Many examples could be cited of the pervasive effect of human rights and humanitarian law. The International Criminal Court recognises this expressly, with Article 21(3) of the Rome Statute providing that “the application and interpretation of law pursuant to this Article must be consistent with internationally recognised human rights”. That is a powerful provision which ensures that human rights underpin every aspect of the ICC’s work. In a completely different context, in one of its earlier decisions, concerning the MV Saiga (No2), the Law of the Sea Tribunal held that “considerations of humanity must apply in the law of the sea as they do in other areas of international law”. In that case, the Tribunal applied customary international law principles on the use of force to an incident in which a Guinean patrol boat engaged an oil tanker. More recently in the Enrica Lexie, provisional measures were requested arising out of an incident which caused the death of two Indian fishermen off the coast of India, involving an Italian flagged ship. India asserted criminal jurisdiction over two Italian marines who had been on board the Italian flagged ship at the time of the incident. In considering provisional measures, the Tribunal relied on the same principle – that considerations of humanity apply to the law of the sea – to take into account, first, the suffering of the families of deceased Indian fishermen and, second, the potentially long restriction of liberty for the Italian marines. In this way, principles familiar from Articles 6 to 10 of the International Convention on Civil and Political Rights found their way into the Law of the Sea Tribunal’s jurisprudence. And, of course, there are many examples of international human rights principles affecting national judicial decisions on topics as diverse as the rights of children in family proceedings, the development of a right to privacy or the scope of inquests into deaths.
If many also try to circumvent international law, the history of the seventy years since the end of the Second World War suggests that the growth of international law has had some tempering effect on the ability to use force without justification or to violate human rights with total impunity. More than ever in international fora such as the United Nations, the debate about what can be done in respect of a given international problem is driven by legal principles and the options and restraints that are provided for in the applicable legal framework.
Nowhere is this more apparent than in international criminal law with its stated aim to end impunity for the most serious crimes of international concern. Seventy years after the start of the Nuremburg Trials, we have moved through the creation of ad hoc tribunals for the former Yugoslavia, Rwanda, Sierra Leone and others, to the creation of the International Criminal Court which moved very recently to its permanent premises. The International Criminal Court has its critics and, of course, it is not a perfect institution. But it is worth dwelling on the novelty and importance as a symbol of having a permanent International Criminal Court at all. Its existence proves that those who commit war crimes and crimes against humanity will be brought to justice at the International Criminal Court or in their own countries with sufficient regularity as to remove the notion that impunity is the norm and those seeking to evade justice will find ever increasing restrictions on their freedom of movement.

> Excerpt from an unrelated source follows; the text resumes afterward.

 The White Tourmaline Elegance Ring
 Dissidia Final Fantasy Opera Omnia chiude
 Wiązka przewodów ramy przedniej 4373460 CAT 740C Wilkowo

It is easy to demonstrate the potential for the International Criminal Court to develop into a powerful force in international law. More than one hundred and twenty states are already party to the Rome Statute. Importantly, Article 15 of the Statute gives the Prosecutor the power to initiate investigations proprio motu. That gives the Court as an institution a remarkable ability to act in many situations and States. Indeed, preliminary investigations are ongoing in Afghanistan, Columbia, Guinea, Iraq, Palestine and the Ukraine. As recently as 27 January 2015, Pre-Trial Chamber I authorised the Prosecutor to open an investigation into the situation in Georgia. A diverse range of situations is therefore already before the Court. Of course, the opening of an initial investigation does not necessarily mean that trials must take place in the Hague. Complementarity is a key feature of the architecture of the Court. If genuine national investigations and prosecutions are ongoing, there may be no need for the International Criminal Court to take jurisdiction. The UK continues to engage with the Prosecutor in respect of allegations with regard to Iraq and has every expectation that the Prosecutor will be satisfied by the extensive investigations undertaken by the Ministry of Defence’s Iraq Historical Allegations Team.
Another illustration of the growth of international law and the potential of the International Criminal Court are the steps being taken towards a crime of aggression. For so long a creature incapable of definition, the Kampala conference of 2009 crafted a test based on the planning, preparation, initiation or execution, by a person in a position effectively to exercise control over or to direct the political or military action of a State, of an act of aggression which, by its character, gravity and scale, constitutes a manifest violation of the Charter of the United Nations. But the ICC will not take jurisdiction over the crime of aggression until 30 States parties have signed up to the Kampala amendment. That seemed a long way off in 2009. But when Lithuania accepted the amendment in December 2015, that brought the number of States to 26. If not this year, then it is surely likely that in the coming years a defined crime of aggression will be added to the list of crimes over which the ICC has jurisdiction.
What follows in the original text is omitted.